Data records

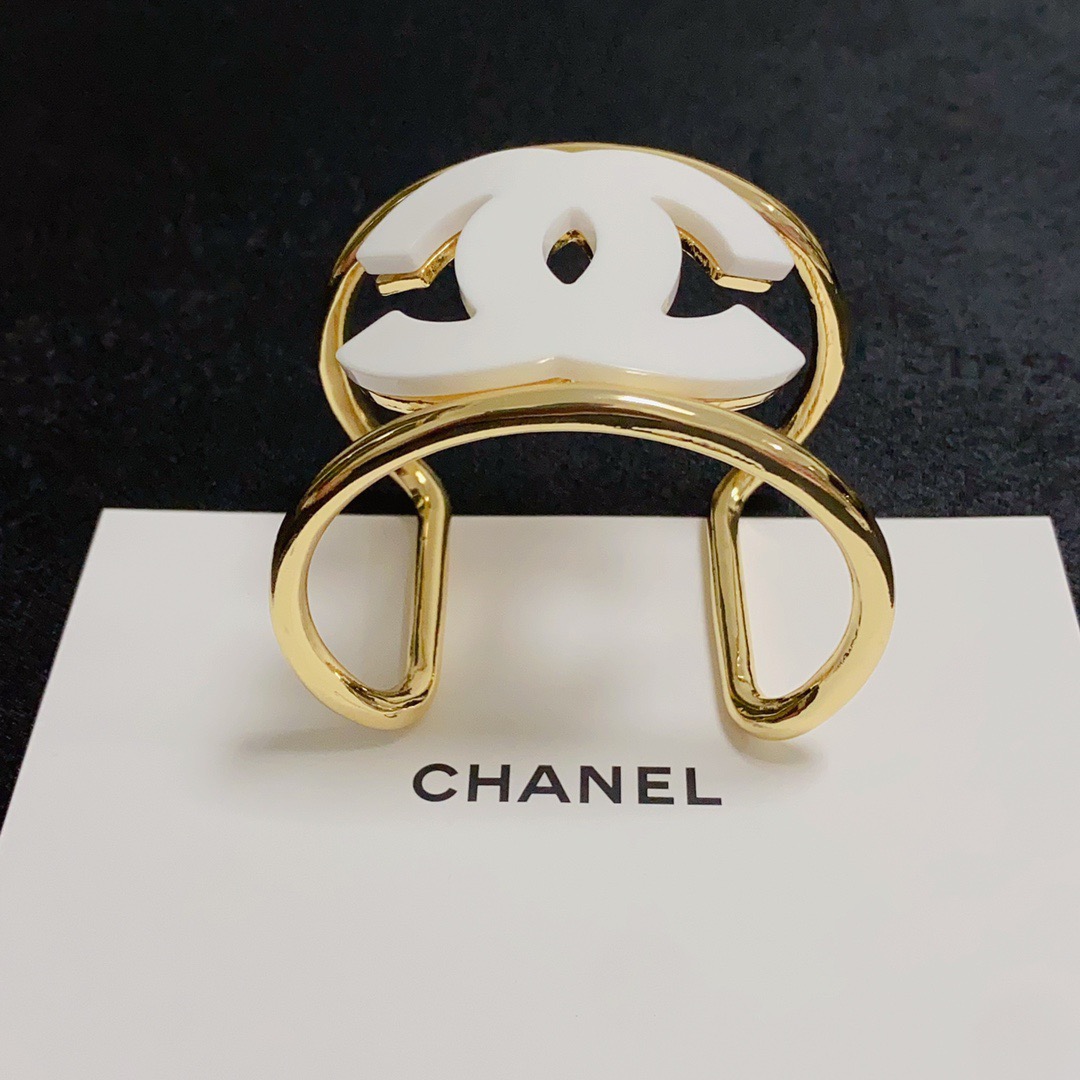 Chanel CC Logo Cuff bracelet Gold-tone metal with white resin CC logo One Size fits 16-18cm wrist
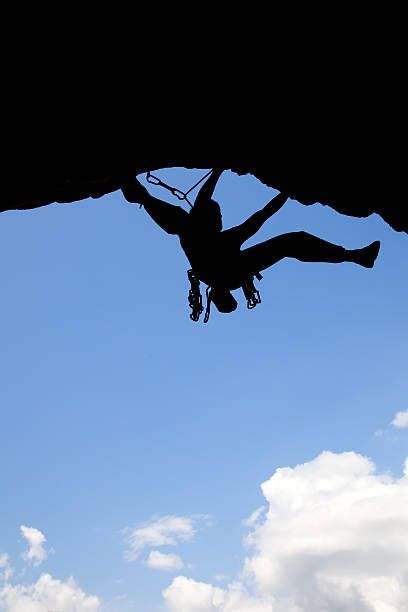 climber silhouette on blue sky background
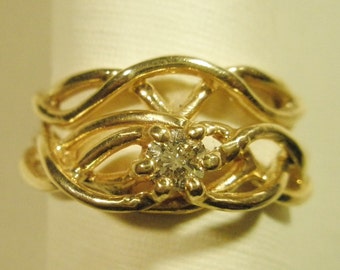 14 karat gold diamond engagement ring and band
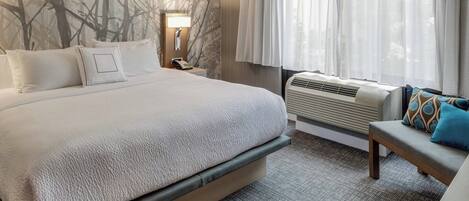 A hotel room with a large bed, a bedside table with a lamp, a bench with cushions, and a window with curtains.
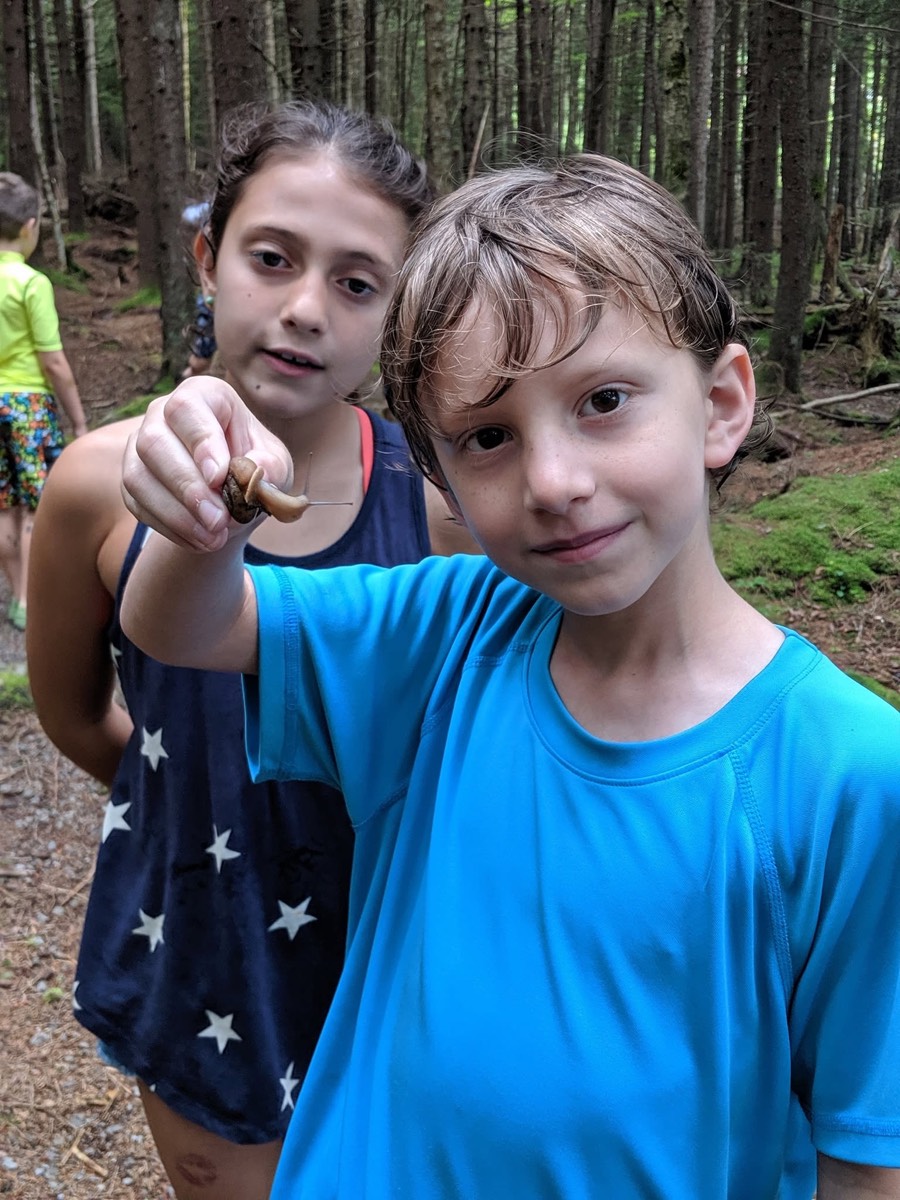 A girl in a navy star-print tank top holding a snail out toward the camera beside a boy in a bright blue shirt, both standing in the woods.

WORK ORDER >>
Copy the lines above exactly and exclude every image.

TASK RESPONSE >>
 Chanel CC Logo Cuff bracelet Gold-tone metal with white resin CC logo One Size fits 16-18cm wrist
 climber silhouette on blue sky background
 14 karat gold diamond engagement ring and band
 A hotel room with a large bed, a bedside table with a lamp, a bench with cushions, and a window with curtains.
 A girl in a navy star-print tank top holding a snail out toward the camera beside a boy in a bright blue shirt, both standing in the woods.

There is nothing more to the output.